Le ministre constate également que le gouvernement fédéral s'acharne à vouloir mettre en place une commission des valeurs mobilières pancanadienne malgré les décisions claires de la Cour d'appel du Québec et de la Cour suprême. En outre, le gouvernement fédéral a décidé de s'immiscer dans la réglementation des produits dérivés. « Encore une fois, le gouvernement fédéral tente de mettre le pied dans la porte. Il est hors de question de laisser le fédéral s'immiscer dans cette compétence exclusive du Québec et nous combattrons avec vigueur toute intrusion fédérale en ce sens », a indiqué le ministre des Finances et de l'Économie.

Fonds pour l'infrastructure
Depuis qu'il a annoncé en grandes pompes en mars 2013 son nouveau plan en infrastructures pour les 10 prochaines années, le gouvernement fédéral n'a pas soufflé mot des nouveaux paramètres du Fonds Chantiers Canada. « Pire, il ajoute dans le budget qu'il est toujours en mode "consultation". Il n'est pas acceptable qu'après un an, le gouvernement fédéral n'ait toujours pas entamé de négociations avec les provinces. Au rythme où vont les choses, je m'inquiète du fait que nos partenaires ne puissent réaliser des projets d'infrastructures, avec l'aide financière fédérale, au cours de la saison de construction de 2014 », a indiqué le ministre des Finances et de l'Économie.

« Si le gouvernement fédéral avait adopté l'approche proposée par le Québec, soit de verser les fonds de ce nouveau plan sous la forme d'un transfert "en bloc", il est clair que tout serait réglé avec le Québec et que les projets seraient prêts à débuter dès ce printemps. Au lieu de procéder avec efficacité, le gouvernement fédéral préfère négocier à la pièce, faire de la microgestion et dédoubler le travail du Québec», a ajouté le ministre des Finances et de l'Économie.
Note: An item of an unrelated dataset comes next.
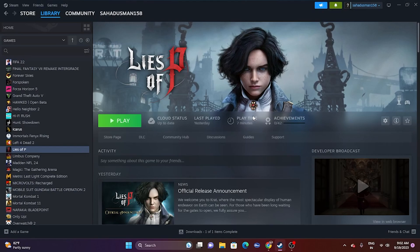Hello everyone, welcome back to the Gaming Flow. In this video we're going to talk about how to fix Lies of P crashing issues, not launching or won't launch, freezing, stuttering, lagging, low FPS drop, black screen issues, and many more issues which are happening for many users right now, and how we can fix this up.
L'automobile encore favorisée au détriment de la forêt
Comme c'est le cas depuis plusieurs années, le fédéral démontre encore une fois qu'il préfère investir dans l'industrie automobile ontarienne plutôt que de soutenir l'industrie forestière du Québec.

« Au cours des deux prochaines années, le gouvernement fédéral va consacrer 500 millions de dollars supplémentaires pour soutenir l'innovation dans l'industrie automobile alors qu'il ne compte allouer que 45 millions de dollars de plus pour l'innovation dans l'industrie forestière. Voilà une autre preuve que le gouvernement Harper a abandonné le Québec », a conclu le ministre.